# [DATA EXCERPT]
________________________
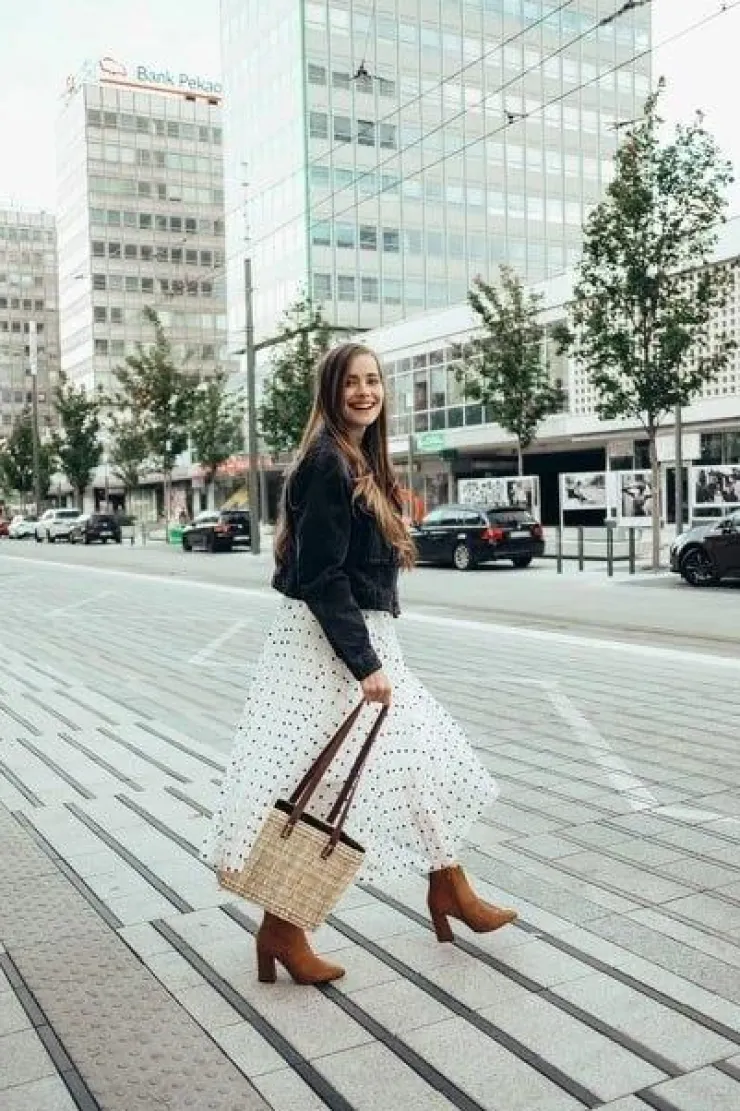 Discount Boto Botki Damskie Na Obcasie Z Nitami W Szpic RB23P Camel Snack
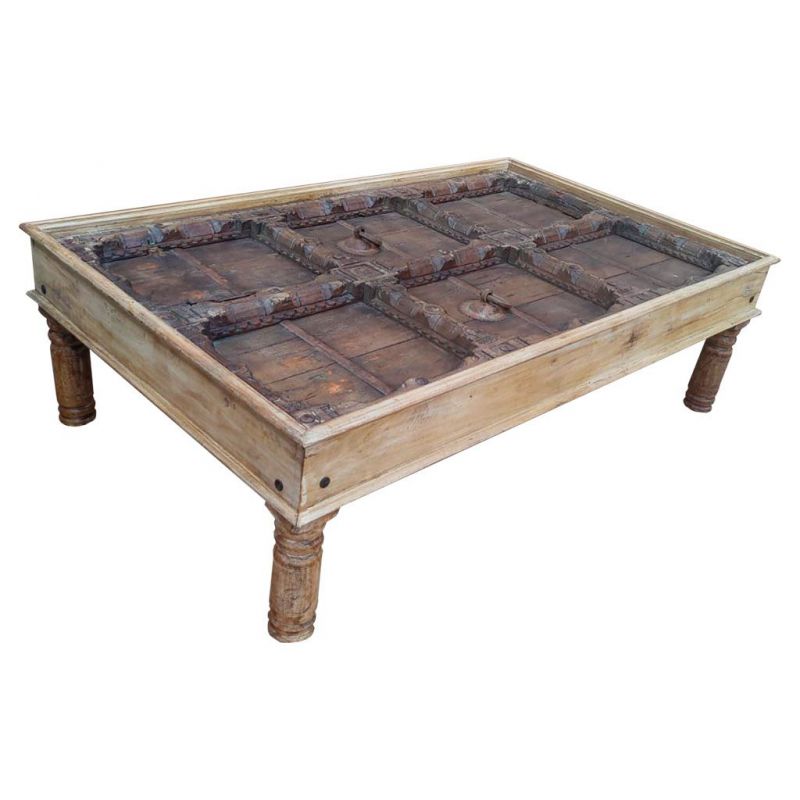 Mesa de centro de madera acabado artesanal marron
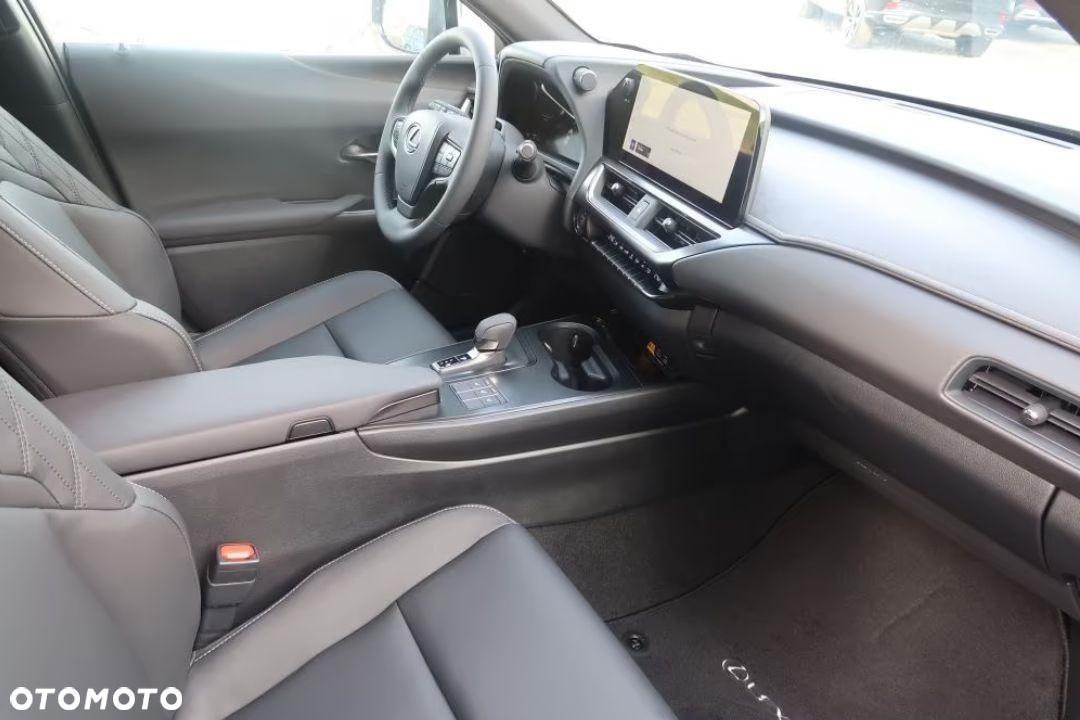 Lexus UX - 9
________________________
# [TO DO]
Whenever a picture appears in the listing, leave it out; copy everything else exactly.

# [TASK RESPONSE]
 Discount Boto Botki Damskie Na Obcasie Z Nitami W Szpic RB23P Camel Snack
 Mesa de centro de madera acabado artesanal marron
 Lexus UX - 9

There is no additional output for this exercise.